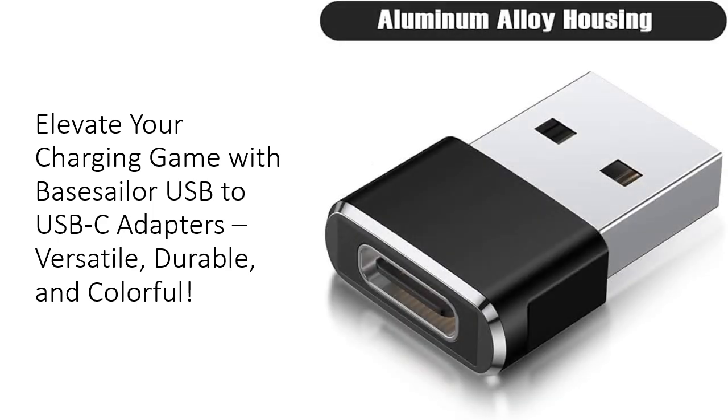With a 12-month worry-free service plan backing your purchase, the Base Sailor USB to USB-C adapters offer exceptional value without compromising on quality. Ideal for tech enthusiasts and everyday users alike, these adapters combine functionality, durability, and style at an affordable price point. Whether you're charging your devices at home, in the office, or on the go, you can trust these adapters to deliver consistent performance every time. Upgrade your tech accessories with Base Sailor today and experience the difference.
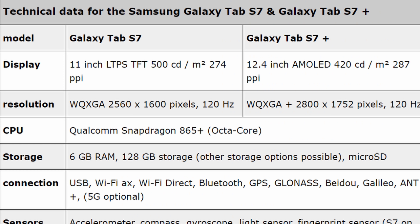Resolution on these two tablets: 2560 by 1600 at 120Hz, and 2800 by 1752 at 120Hz. Both will come with the Snapdragon 865 Plus, which is the fastest Qualcomm processor currently. Six gigabytes of RAM with 128 gigabytes of storage — other options should be possible, probably 256GB and 8GB RAM for the other version — but both will have microSD card support.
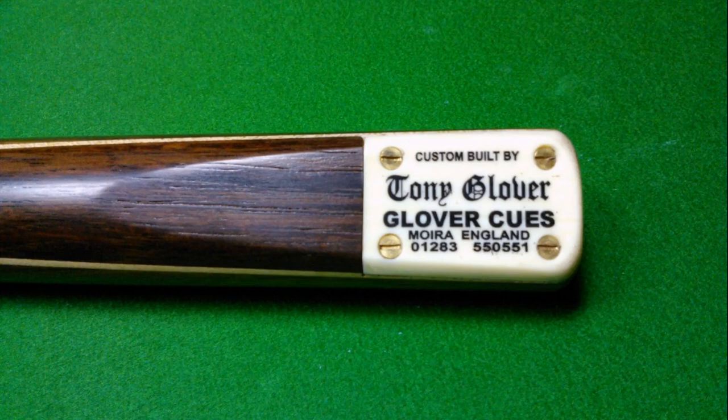Here we have a Tony Glover cue that I had a few years ago, and it's a beautiful example of just what a craftsman Tony Glover is. He really is, in my opinion, up there with the very best cue makers. And this was a really beautiful cue.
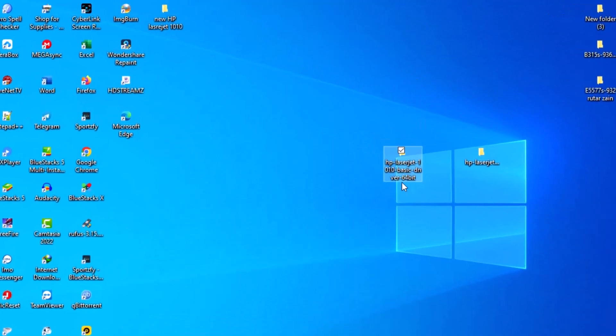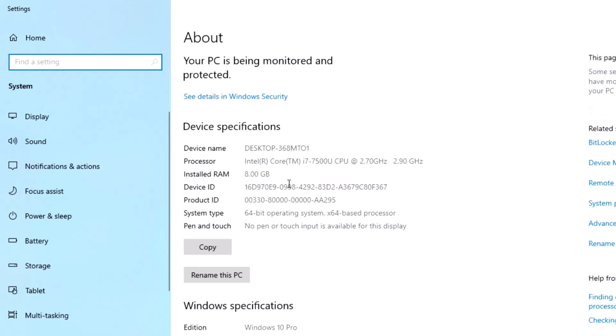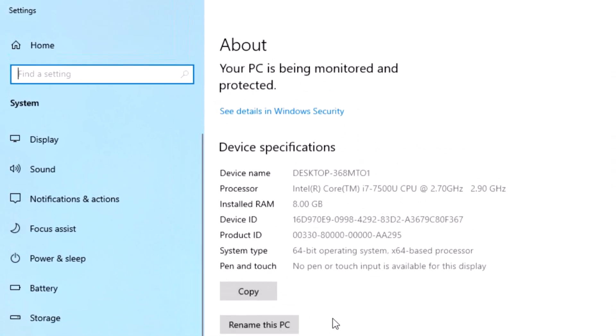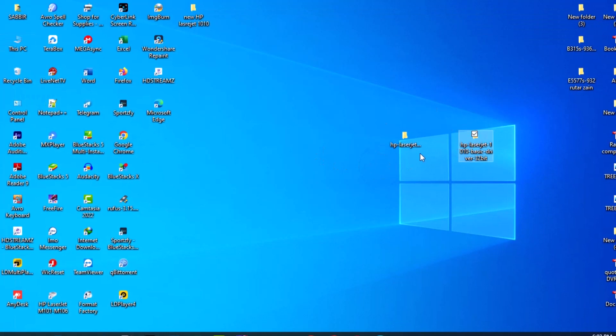Hi, today in this video I will show you how to install the HP LaserJet 1010 Printer Driver. This is a very difficult installation method, so I think if you watch this full video you can simply install this printer driver. This is a very simple method, so watch this full video and like and share this video. Thank you.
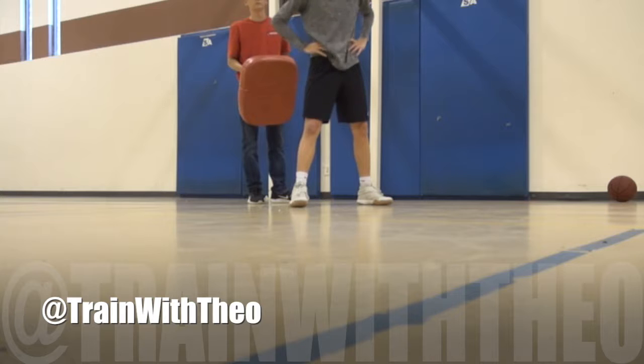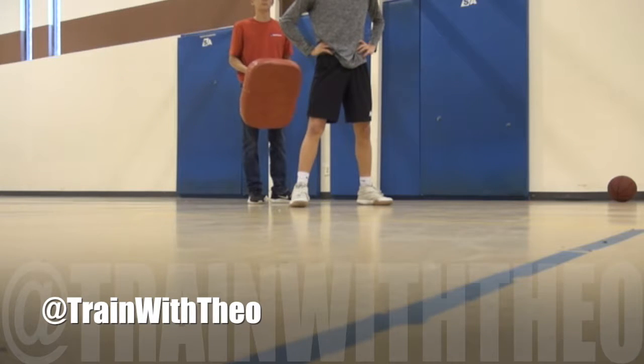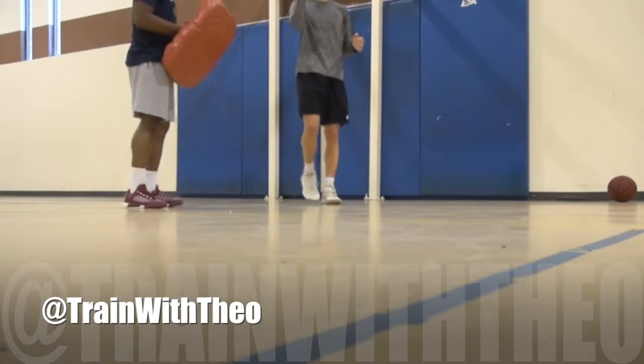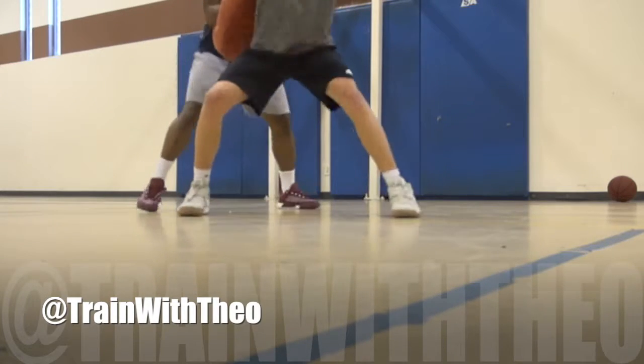Right now you're catching the ball, you're spinning, then you're going up. If you catch the ball and you bring it to the chest, then it's just a little movement here — you have your pump fake now. Good. Let's make that rip. Gather yourself off of it.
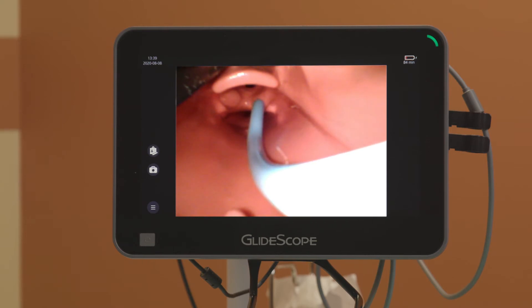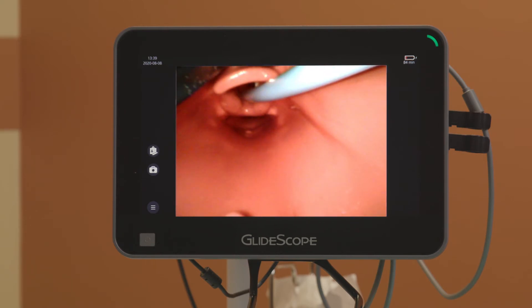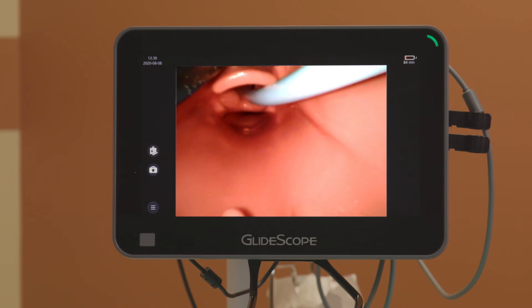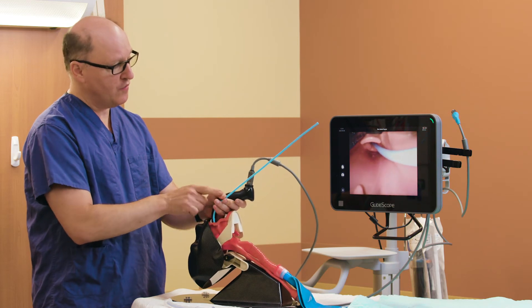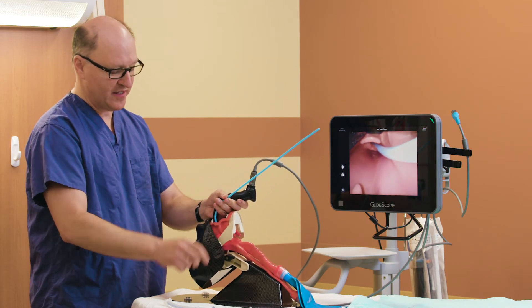I insert into the trachea, coming around the curve, and I'm in the trachea and I can feel the tracheal rings. I can rotate it slightly rightward so it fully inserts. I can then bring the bougie over to my left hand, stabilizing it.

_ _ _ _

→ **REQUIRED ACTION**: Take the line with "Right now you're" and each line after it through the end of the material above, and reproduce them exactly, without the pictures.

→ **SOLUTION TO THIS TASK**:
Right now you're catching the ball, you're spinning, then you're going up. If you catch the ball and you bring it to the chest, then it's just a little movement here — you have your pump fake now. Good. Let's make that rip. Gather yourself off of it.
I insert into the trachea, coming around the curve, and I'm in the trachea and I can feel the tracheal rings. I can rotate it slightly rightward so it fully inserts. I can then bring the bougie over to my left hand, stabilizing it.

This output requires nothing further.